Etiket: Hürriyetçi Eğitim Sen

  • 350 bin öğretmen 5 bin TL eksik maaş alacak

    350 bin öğretmen 5 bin TL eksik maaş alacak

    Hürriyetçi Eğitim Sen 2. Eğitim ve İstişare Toplantısı 12-15 Aralık 2024 tarihleri arasında gerçekleştirildi.

    Hürriyetçi Eğitim Sen Genel Başkanı Levent Kuruoğlu, “Hürriyetçi Eğitim Sen ve Hürriyetçi sendikalar alelade bir sendikal yapılanma değildir. Ülkemizde sendikaların durumu ortadadır.  Meydanlara çıkamayan, sesini yükseltemeyen, kamu çalışanlarının hak ve menfaatlerini koruyamayan, hatta böyle bir derdi olmayan, doğrular mı makamı ikileminde hiç düşünmeden makamları tercih eden, siyasi partilerin arka bahçesine sığınmış, üye sayıları çok olsa da içleri boş sendikalara başkaldırdık” dedi.

    ANAYASA’NIN İLK 3 MADDESİNİN TARTIŞMAYA AÇILMASINI VE BEBEK KATİLİNE UMUT HAKKI VERİLMESİNİ REDDEDİYORUZ

    Kuruoğlu konuşmasında, Anayasanın ilk 3 maddesinin tartışmaya açılmasını kabul etmeyeceklerini, Bebek katili Apo’nun Umut Hakkı düzenlemesiyle serbest bırakılmasına ve Meclis’te konuşma yapmasının istenmesine sessiz kalmayacaklarını, Habur’da kurulan çadır tiyatroları ile çözüm süreci ihanetinin unutulmayacağını ve yeni bir ihanete müsaade etmeyeceklerini belirterek şunları söyledi;

    Sendikal mücadelemizin gereklerini yerine getirirken toplumun gerçeklerinden, yaşadıklarından, onların acılarından, sevincinden, geçim sıkıntısından, ülkenin güvenliğinden, Şehitlerimizin bize emanet ettikleri ailelerinden uzak duramayız.

    Anayasanın ilk üç maddesinin tartışılmaya açılmasını kabul etmeyiz, Anayasanın 66 Maddesinin yani ‘Türk Devletine vatandaşlık bağı ile bağlı olan herkes Türktür.’ Türk babanın veya Türk ananın çocuğu Türk’tür. Maddesinin değiştirilmesini kabul etmeyiz.

    Bebek katili Apo’nun umut hakkı düzenlemesiyle serbest bırakılmasına Türkiye Büyük Millet Meclisinde konuşturulmak istenmesine sessiz kalmayız. Her platformda karşı koyarız.
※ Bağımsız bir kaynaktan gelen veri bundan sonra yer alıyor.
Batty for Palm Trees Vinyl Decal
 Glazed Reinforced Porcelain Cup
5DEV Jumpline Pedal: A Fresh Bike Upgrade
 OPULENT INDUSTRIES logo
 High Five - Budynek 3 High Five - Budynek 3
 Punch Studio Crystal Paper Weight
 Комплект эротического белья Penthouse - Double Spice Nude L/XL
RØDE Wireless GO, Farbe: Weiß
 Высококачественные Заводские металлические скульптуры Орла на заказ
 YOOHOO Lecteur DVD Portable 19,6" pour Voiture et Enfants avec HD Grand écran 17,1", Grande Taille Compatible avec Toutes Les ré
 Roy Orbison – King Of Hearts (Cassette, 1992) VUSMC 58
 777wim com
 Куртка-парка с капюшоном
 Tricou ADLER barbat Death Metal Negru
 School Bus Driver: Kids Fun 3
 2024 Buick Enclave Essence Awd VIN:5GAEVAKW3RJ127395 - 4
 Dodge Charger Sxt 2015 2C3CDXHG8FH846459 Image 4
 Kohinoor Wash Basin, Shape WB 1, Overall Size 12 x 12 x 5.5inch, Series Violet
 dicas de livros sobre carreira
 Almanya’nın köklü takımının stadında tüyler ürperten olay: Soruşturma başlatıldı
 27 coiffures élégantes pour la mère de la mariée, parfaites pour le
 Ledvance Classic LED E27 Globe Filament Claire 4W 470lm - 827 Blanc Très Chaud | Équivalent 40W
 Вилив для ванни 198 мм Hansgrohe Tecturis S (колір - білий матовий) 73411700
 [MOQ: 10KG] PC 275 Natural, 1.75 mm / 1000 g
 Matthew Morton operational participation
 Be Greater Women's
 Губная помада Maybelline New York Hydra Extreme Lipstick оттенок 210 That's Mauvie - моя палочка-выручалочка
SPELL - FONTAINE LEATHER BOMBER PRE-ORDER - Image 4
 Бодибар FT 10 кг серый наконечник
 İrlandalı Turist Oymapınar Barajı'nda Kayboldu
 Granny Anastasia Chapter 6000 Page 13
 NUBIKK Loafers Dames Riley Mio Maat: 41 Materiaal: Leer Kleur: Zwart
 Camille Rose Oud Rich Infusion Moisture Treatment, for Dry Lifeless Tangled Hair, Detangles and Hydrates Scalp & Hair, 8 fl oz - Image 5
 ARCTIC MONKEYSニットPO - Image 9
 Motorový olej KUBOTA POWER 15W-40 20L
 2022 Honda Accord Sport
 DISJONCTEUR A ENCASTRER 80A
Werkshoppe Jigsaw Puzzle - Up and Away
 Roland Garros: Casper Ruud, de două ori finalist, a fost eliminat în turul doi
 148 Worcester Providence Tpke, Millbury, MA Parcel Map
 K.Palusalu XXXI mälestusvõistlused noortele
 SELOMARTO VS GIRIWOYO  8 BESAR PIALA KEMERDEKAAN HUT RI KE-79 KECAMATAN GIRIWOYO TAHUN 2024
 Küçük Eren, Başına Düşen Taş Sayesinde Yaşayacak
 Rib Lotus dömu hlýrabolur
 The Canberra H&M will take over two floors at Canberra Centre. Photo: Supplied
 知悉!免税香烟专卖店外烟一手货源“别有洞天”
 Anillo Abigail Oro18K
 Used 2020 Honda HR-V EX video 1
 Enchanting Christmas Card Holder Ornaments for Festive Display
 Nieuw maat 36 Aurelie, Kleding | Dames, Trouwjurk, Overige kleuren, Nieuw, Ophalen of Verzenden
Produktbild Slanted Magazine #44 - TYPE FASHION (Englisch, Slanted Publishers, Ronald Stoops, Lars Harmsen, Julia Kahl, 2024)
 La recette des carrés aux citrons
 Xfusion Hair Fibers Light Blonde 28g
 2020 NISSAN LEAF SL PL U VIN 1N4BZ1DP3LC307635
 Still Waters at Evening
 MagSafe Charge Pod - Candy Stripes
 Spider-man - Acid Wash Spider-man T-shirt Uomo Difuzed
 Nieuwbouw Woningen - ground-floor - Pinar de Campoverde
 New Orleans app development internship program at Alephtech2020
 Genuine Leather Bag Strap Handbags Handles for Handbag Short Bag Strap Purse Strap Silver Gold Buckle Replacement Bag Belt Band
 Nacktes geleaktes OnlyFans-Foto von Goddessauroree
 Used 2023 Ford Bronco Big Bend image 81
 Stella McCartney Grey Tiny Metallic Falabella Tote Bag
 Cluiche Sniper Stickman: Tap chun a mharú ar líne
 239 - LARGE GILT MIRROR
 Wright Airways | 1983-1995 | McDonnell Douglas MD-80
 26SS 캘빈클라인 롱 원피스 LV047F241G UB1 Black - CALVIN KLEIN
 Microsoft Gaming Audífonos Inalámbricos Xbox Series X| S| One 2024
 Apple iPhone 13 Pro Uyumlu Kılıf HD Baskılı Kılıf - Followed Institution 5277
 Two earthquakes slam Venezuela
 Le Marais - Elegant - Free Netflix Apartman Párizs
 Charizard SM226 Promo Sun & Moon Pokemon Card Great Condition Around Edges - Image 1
    Habur’da kurulan çadır tiyatrolarını, 1. Çözüm süreci ihanetini unutmadık. Bugün şekil değiştirerek uygulamaya sokulan 2. Çözüm sürecine rıza göstermeyiz.

    Fikri Hür Vicdanı Hür irfanı Hür olanların, Atatürk’ün askerleriyiz diye haykıranların, Bağlı bulunduğumuz tek Lider Mustafa Kemal Atatürk diyenlerin, “Ne mutlu Türküm” diyenlerin suskun kalmasını kimse beklemesin. Susmak, ihaneti sessiz kabul ediştir. Taraf olacağız, bizden kimse tarafsız kalmamızı beklemesin.

    Kamu-Sen ve Türk Eğitim Sen’e, siz bebek katilinin serbest bırakılmasına, Bebek katilinin Türkiye Büyük Millet Meclisinde konuşmasına ne diyorsunuz sorusunu sorduk. Hala cevap veremediler sanırım düşünüyorlar.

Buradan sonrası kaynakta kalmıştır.